I started out hating the game. Throughout the first third of the game you’re almost solely concerned with traipsing through corridors. While the world is undoubtedly beautiful, you’re rarely given the freedom to appreciate it. Discovering your route is limited to finding the shiny gold part of the room and attempting to jump on it, to the point where even the climbable crates are marked with a sparkling gold cloth. Sometimes you’ll come across a gold cloth that doesn’t sparkle. Don’t waste your time on this. Drake won’t even touch it until you’ve killed the requisite number of enemies to progress the plot. It’s an extremely artificial limitation and annoys the hell out of me.

Everything changes around Chapter 14 (of more than 30). You’re out of the corridors and actually have to spend time looking around the environment working out where to go next. It’s refreshing, it’s challenging and even a little bit fun, though you still don’t have the freedom of movement. Both types of area have collectibles up the wazoo, so those of you who rate yourselves by the number of sparklies you’ve discovered can have a ball looking around for these.

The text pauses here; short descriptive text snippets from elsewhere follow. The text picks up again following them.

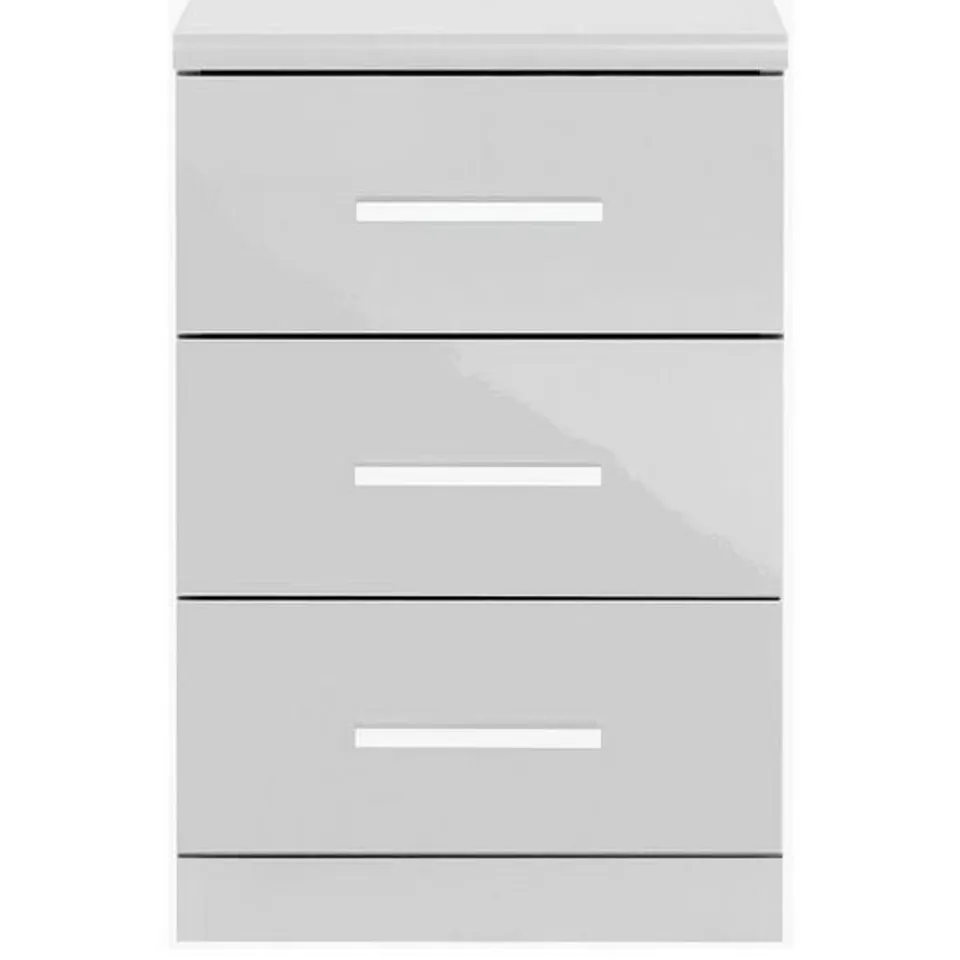 BOXED PAIR OF PRAGUE WHITE GLOSS BEDSIDE CABINETS (1 BOX) RRP £159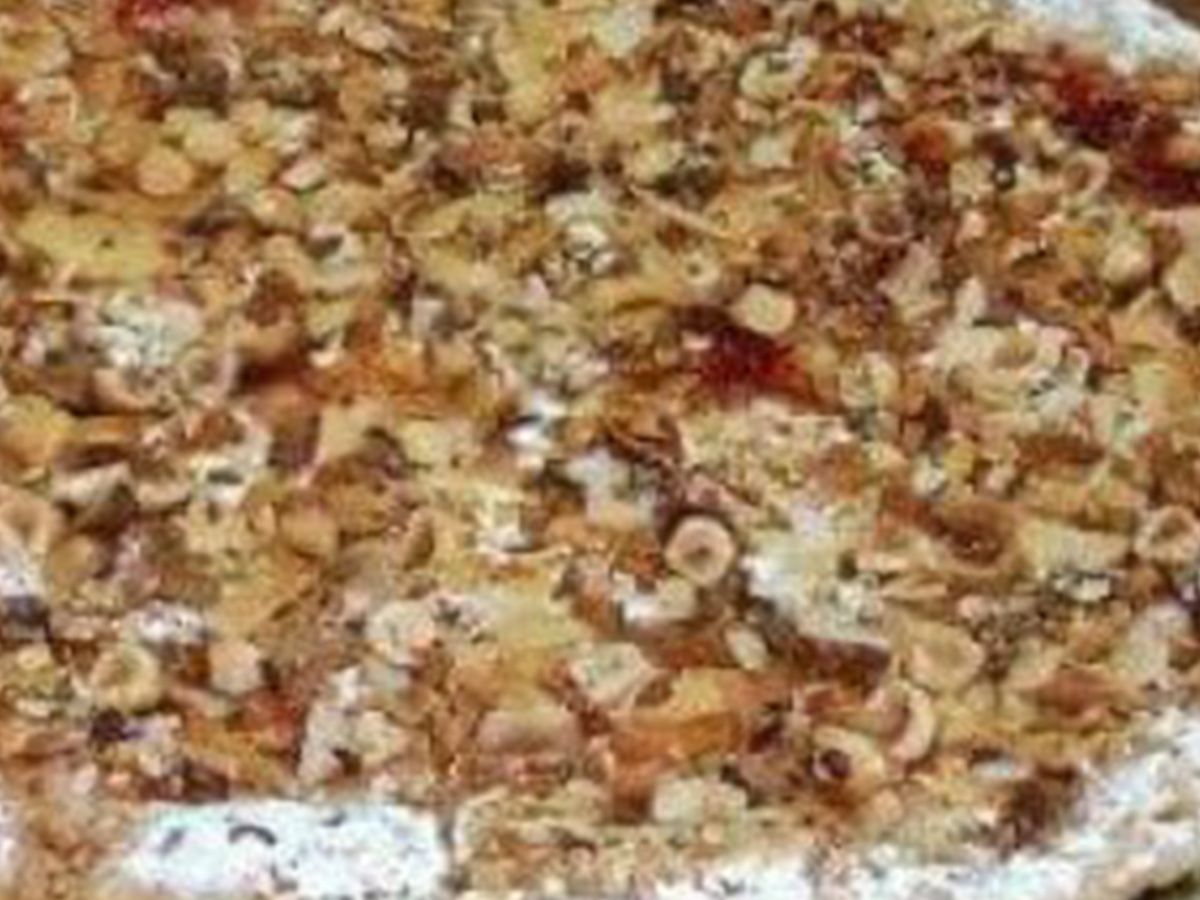 Nuts pie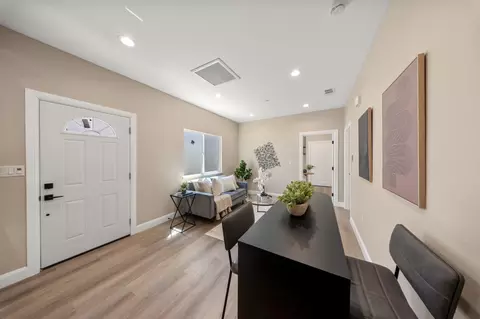 Entry Way - 821 Nevada St, Manteca, CA 95337 photo 6 of 7
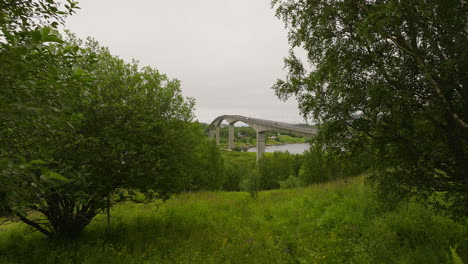 Dolly-Luftaufnahmen-Der-Imposanten-Und-Beeindruckenden-Saltstraumen-Brücke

This inconsistent design approach extends to the characters as well. In some chapters, your female companion Chase can barely climb a pipe without Drake’s help. In others, she’s a seasoned adventurer who spent her childhood climbing mountains with her grandfather. Later still, she claims to be afraid of heights. Best to just ignore the attempts at character development and appreciate what little parts of the scenery the camera permits you to see.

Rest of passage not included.